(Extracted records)
+++

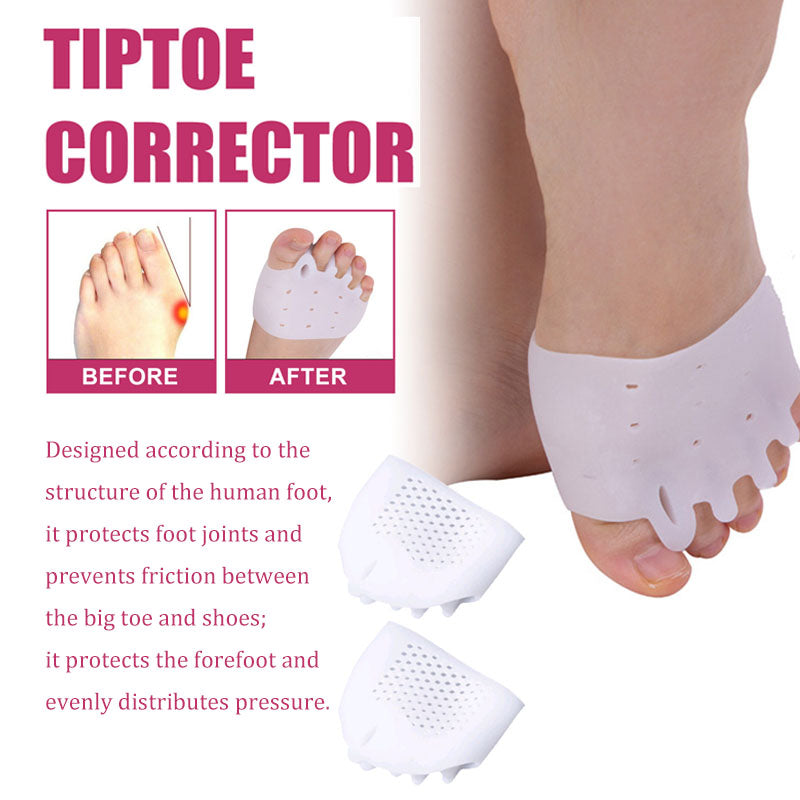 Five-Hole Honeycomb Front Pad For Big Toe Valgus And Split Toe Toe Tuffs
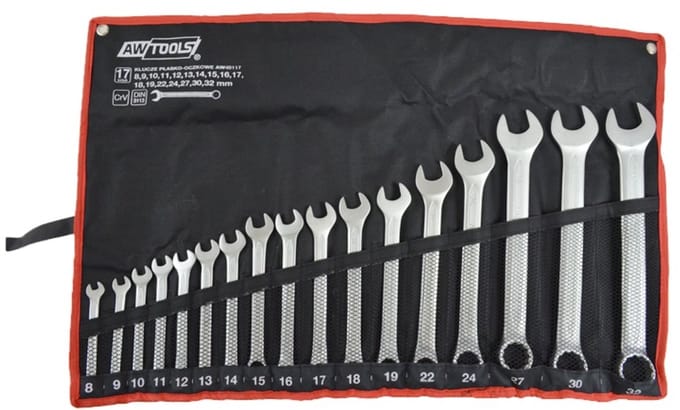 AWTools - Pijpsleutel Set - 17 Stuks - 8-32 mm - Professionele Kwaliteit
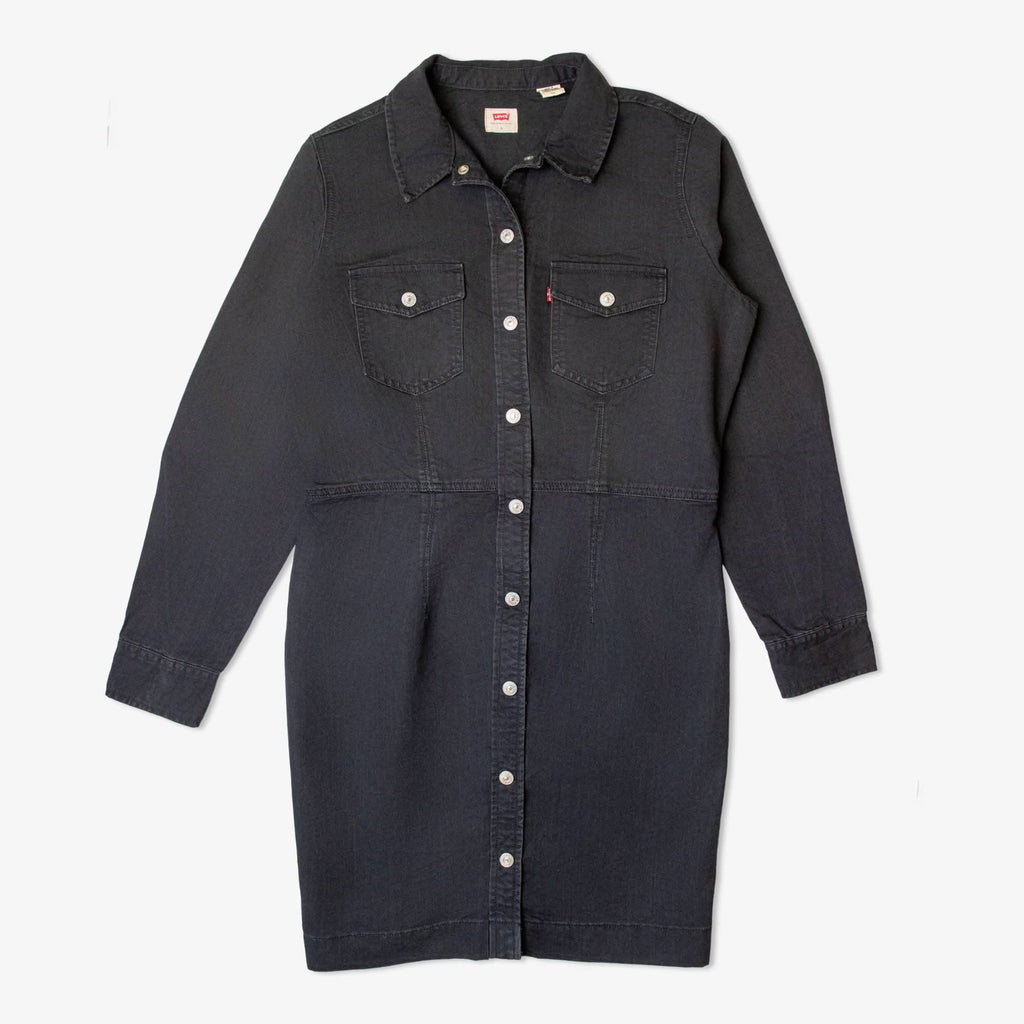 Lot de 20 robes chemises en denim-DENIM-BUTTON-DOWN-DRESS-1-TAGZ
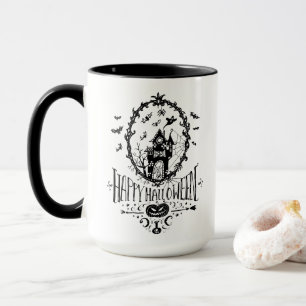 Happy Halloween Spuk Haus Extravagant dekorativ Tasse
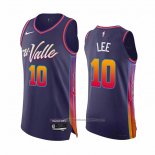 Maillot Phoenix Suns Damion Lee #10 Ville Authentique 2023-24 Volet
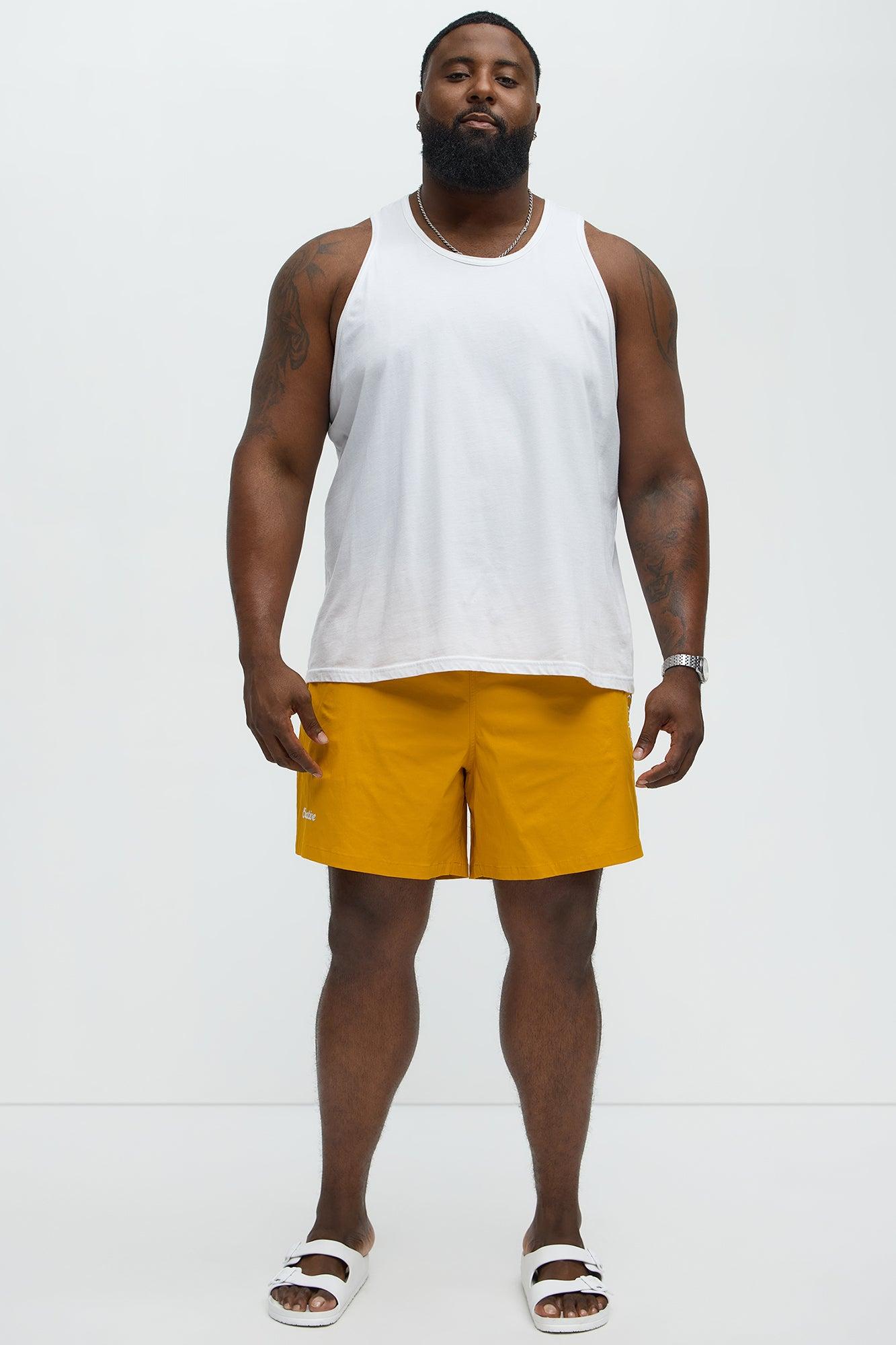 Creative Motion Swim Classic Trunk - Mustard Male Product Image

+++

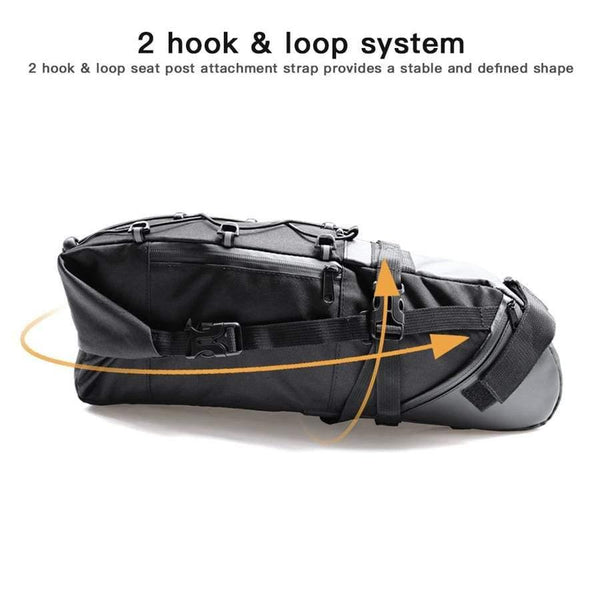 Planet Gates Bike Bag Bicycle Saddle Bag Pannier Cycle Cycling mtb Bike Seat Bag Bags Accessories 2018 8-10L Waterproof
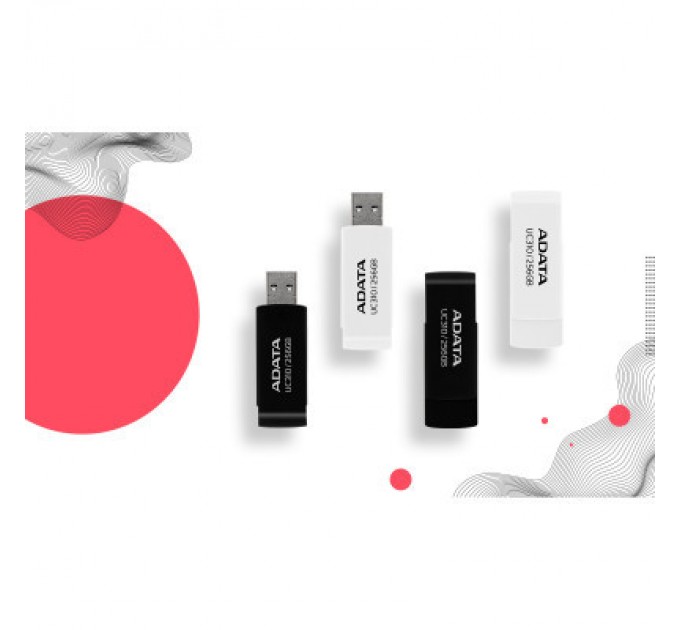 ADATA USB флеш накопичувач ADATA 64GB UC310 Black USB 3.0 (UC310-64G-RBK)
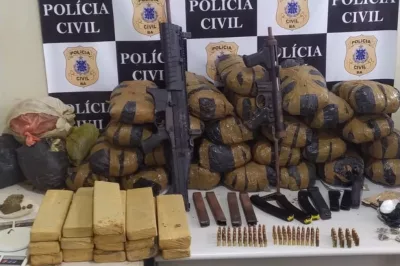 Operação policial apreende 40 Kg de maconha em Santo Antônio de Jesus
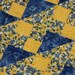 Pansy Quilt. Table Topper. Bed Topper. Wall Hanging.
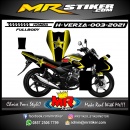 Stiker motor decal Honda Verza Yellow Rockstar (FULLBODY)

+++

Once the line with "AWTools - Pijpsleutel" is found in the data above, reproduce it and each line after it exactly, through the line with "Creative Motion Swim". Omit the pictures.

### Answer space
 AWTools - Pijpsleutel Set - 17 Stuks - 8-32 mm - Professionele Kwaliteit
 Lot de 20 robes chemises en denim-DENIM-BUTTON-DOWN-DRESS-1-TAGZ
 Happy Halloween Spuk Haus Extravagant dekorativ Tasse
 Maillot Phoenix Suns Damion Lee #10 Ville Authentique 2023-24 Volet
 Creative Motion Swim Classic Trunk - Mustard Male Product Image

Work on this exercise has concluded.